Your copy starts at the line containing "Дверь правая задняя" and ends at the last line below. Copy exactly, without pictures.

:: Information provided ::
□ □ □ □ □
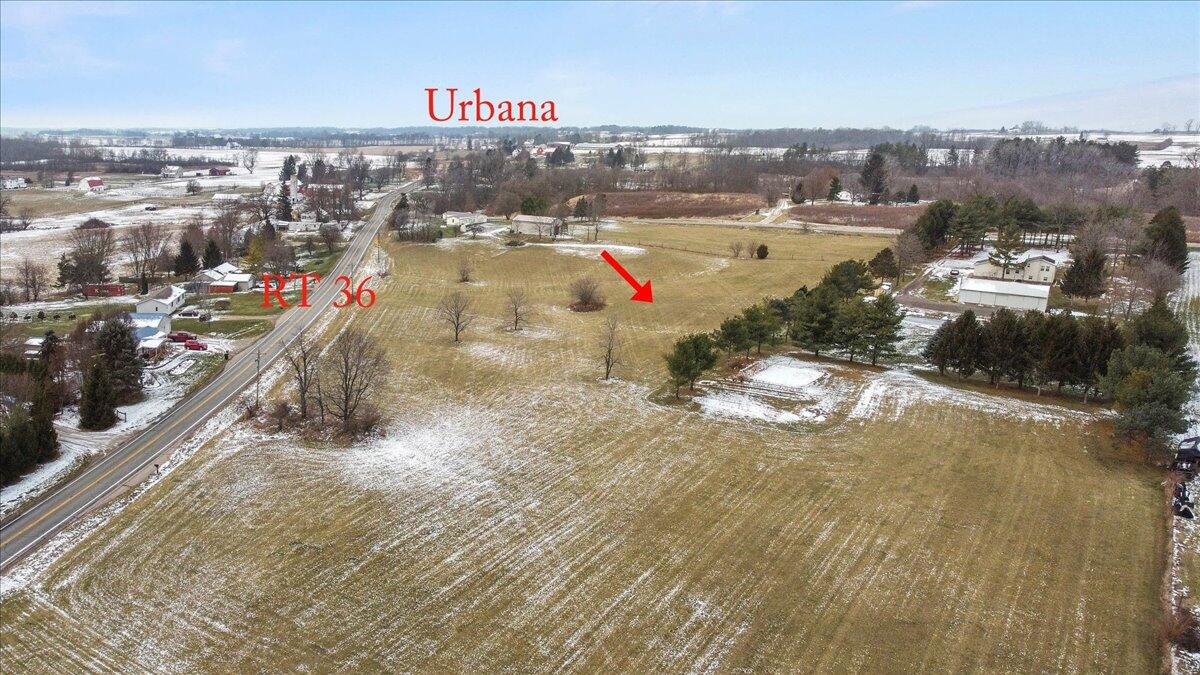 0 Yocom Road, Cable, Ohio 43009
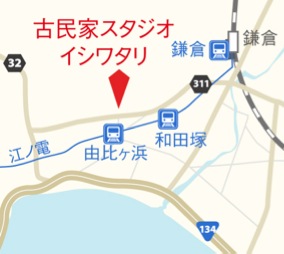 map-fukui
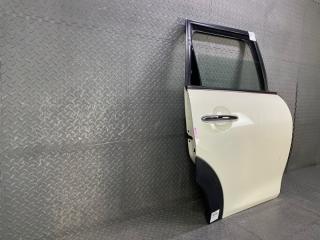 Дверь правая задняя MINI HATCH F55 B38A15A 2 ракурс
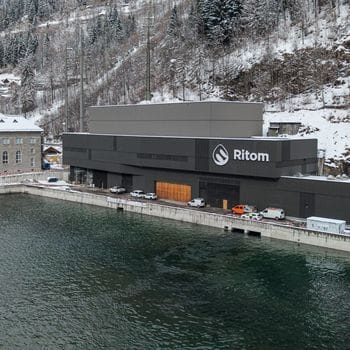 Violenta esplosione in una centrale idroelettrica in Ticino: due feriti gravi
□ □ □ □ □
:: Response area ::
 Дверь правая задняя MINI HATCH F55 B38A15A 2 ракурс
 Violenta esplosione in una centrale idroelettrica in Ticino: due feriti gravi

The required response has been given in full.